The Congregation of the Mother of Carmel (CMC) continues to recognize the historical contributions of Chavara for all his support to the congregation, while the CTC congregation identifies Mother Eliswa as its sole foundress.

Kuriakose Elias Chavara strongly desired the establishment of a women’s religious congregation in the Malabar Church. He considered the absence of convents for women a “pathetic situation” and hoped for a space where girls could receive spiritual instruction, become good Christians, and contribute to society through education and virtue. He offered support and spiritual direction to those pursuing such a vision.

His close associate and confessor, Fr. Leopold Beccaro, noted Chavara’s enthusiasm and administrative support in helping organize the early steps of the congregation. However, the Dicastery for the Causes of Saints, in a decree approved by Pope Francis on 14 April 2025, officially recognized Mother Eliswa Vakayil as the founder of the Congregation of the Third Order of the Discalced Carmelites (TOCD), now known as the Congregation of the Teresian Carmelites (CTC). While Chavara was a significant supporter, the canonical designation of foundress is now formally attributed to Mother Eliswa.

==Writings==

All the literary works of Kuriakose Chavara were written between 1829 and 1870. The literary writings of Kuriakose Chavara are unique in two aspects. First, it reflects the religious spiritualism of Christianity. Second, even after a century after the Kuriakose Chavara wrote, there are limited number of literary works with reference to Christianity.
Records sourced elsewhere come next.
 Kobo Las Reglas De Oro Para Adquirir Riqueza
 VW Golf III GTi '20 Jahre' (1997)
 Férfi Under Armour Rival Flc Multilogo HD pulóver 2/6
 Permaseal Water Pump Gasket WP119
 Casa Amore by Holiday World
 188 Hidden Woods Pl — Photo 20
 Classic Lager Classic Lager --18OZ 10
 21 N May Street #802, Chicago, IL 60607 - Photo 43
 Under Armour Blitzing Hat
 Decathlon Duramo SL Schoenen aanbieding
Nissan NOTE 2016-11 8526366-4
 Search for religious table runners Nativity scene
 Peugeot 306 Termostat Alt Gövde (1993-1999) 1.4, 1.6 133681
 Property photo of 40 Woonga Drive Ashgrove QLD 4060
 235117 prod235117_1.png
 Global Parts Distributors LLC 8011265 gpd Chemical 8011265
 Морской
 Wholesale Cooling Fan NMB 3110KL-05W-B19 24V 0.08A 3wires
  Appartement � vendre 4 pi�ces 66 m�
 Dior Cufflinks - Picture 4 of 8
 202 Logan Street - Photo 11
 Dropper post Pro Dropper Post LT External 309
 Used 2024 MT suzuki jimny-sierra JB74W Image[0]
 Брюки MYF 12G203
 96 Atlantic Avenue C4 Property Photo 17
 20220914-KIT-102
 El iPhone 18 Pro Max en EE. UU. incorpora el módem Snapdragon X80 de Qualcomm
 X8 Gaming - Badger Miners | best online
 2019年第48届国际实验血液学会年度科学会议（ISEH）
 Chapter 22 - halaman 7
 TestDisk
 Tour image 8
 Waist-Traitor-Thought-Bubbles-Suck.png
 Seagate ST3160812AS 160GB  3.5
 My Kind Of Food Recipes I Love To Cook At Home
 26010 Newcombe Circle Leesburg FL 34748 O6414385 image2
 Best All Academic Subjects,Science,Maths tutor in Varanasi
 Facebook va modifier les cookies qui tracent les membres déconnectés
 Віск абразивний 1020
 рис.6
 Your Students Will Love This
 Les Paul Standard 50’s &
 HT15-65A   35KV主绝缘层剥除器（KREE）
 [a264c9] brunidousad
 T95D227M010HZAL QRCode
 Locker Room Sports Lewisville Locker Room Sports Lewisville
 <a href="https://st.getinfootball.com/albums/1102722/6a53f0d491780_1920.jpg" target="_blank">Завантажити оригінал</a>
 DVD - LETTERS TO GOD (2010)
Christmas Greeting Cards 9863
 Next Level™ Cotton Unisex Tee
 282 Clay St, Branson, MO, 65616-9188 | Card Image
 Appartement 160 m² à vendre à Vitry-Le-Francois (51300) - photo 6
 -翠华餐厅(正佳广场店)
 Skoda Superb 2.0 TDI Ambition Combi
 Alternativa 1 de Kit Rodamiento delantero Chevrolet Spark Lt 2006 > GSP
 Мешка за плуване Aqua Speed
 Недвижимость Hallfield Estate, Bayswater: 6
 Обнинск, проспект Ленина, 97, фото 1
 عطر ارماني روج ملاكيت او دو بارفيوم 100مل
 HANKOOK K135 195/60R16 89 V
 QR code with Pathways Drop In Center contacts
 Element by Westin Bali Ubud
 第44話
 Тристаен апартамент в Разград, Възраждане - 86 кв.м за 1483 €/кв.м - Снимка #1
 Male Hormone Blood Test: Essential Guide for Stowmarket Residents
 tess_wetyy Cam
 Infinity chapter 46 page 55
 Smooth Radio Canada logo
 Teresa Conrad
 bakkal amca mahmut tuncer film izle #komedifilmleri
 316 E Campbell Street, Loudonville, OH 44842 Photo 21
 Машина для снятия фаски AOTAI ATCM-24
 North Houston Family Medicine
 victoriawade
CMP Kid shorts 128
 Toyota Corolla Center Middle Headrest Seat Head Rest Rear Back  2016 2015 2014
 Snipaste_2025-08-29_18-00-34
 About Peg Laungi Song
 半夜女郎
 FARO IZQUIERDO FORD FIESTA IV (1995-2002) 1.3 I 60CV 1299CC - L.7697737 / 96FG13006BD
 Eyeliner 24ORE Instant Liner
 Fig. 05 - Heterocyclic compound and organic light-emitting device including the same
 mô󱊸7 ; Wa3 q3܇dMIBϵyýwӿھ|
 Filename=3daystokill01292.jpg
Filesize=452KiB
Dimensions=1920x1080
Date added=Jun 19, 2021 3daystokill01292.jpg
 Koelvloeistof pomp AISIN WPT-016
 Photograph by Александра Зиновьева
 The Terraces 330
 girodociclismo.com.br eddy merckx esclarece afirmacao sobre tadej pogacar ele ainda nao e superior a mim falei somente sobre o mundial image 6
The writings of Kuriakose Elias Chavara can be divided generally into following categories during the namely:
- Chronics and historical writings
- Spiritual writings
- Letters
- Prayer Texts
- Writings on Liturgy
- Writings related to administration

===Chronicles and historical writings===
The Chronicles (Nalagamangal) narrates the daily events not only of the monastery but also of the society. These writings were originally found in Malayalam, in Kuriakose Chavara's own handwriting. There are two manuscripts under the title 'Mannanam Nalagamangal.' Together with the events of the CMI Congregation the chronicles depict events associated with the Society and Kerala Church of that time. The book 'Complete Works of Chavara', Vol. 1 published in 1990 contains five Chronicles.

===Spiritual writings===
====Atmanuthapam (The lamentations of a Repentant Soul)====
It is an autobiographical poem written in epic style – Mahakavyam (Mahakavya). The poem gives life to life of Jesus from birth to ascension into heaven and life of Mary from ascension of Jesus to assumption of Mary into heaven. The uniqueness of the poem is that Kuriakose Chavara brings his own life experiences from childhood.

According to Dr. K.M. Tharakan Atmanuthapam reflects Kuriakose Chavara's philosophy of life which in turn exemplifies a Christian religious life. Dr. Tharakan states, "...Humility, which is not self-contempt, and repentance are the foundation stones of the philosophy of his life. Thus the first step is faith in God. The second is the belief that one can reach God through Jesus Christ. The third is the conviction that without repenting and accepting Jesus, one cannot reach Christ... what a Christian obtains is the awareness of the noble qualities. These qualities are 'faith', 'hope' and 'love'. Only through these triple qualities, a Christian can attain Christ."

====Maranaveetil Cholvanulla Parvam (A poem to be sung in the bereaved house)====
It is intended to be sung when the corpus is placed in the coffin for public homage. The poem contains 1162 verses. The underlying message is that one should lead a virtuous and God-fearing life in order overcome the painful experience of death. The articles of faith related to the death of a man are enumerated and beautifully illustrated with stories or incidents, the poet heard or read.

====Nalla Appante Chavarul (Testament of a Loving Father)====
It is the counsel to the Christian Families of Kainakari parish but its relevance to the families resonates till date. This insightful and down-to-earth document is the first of its kind in the known history of the Church, offers practical direction to families in leading a God-fearing as well as socially commendable life.

==== Anastasiayude Rakthasakshyam (The martyrdom of Anastacia) ====
It contains 232 verses.

====Dhyana Sallapangal (Colloquies in meditation)====
Dhyana Sallapangal consists of the reflective meditative notes of Kuriakose Chavara.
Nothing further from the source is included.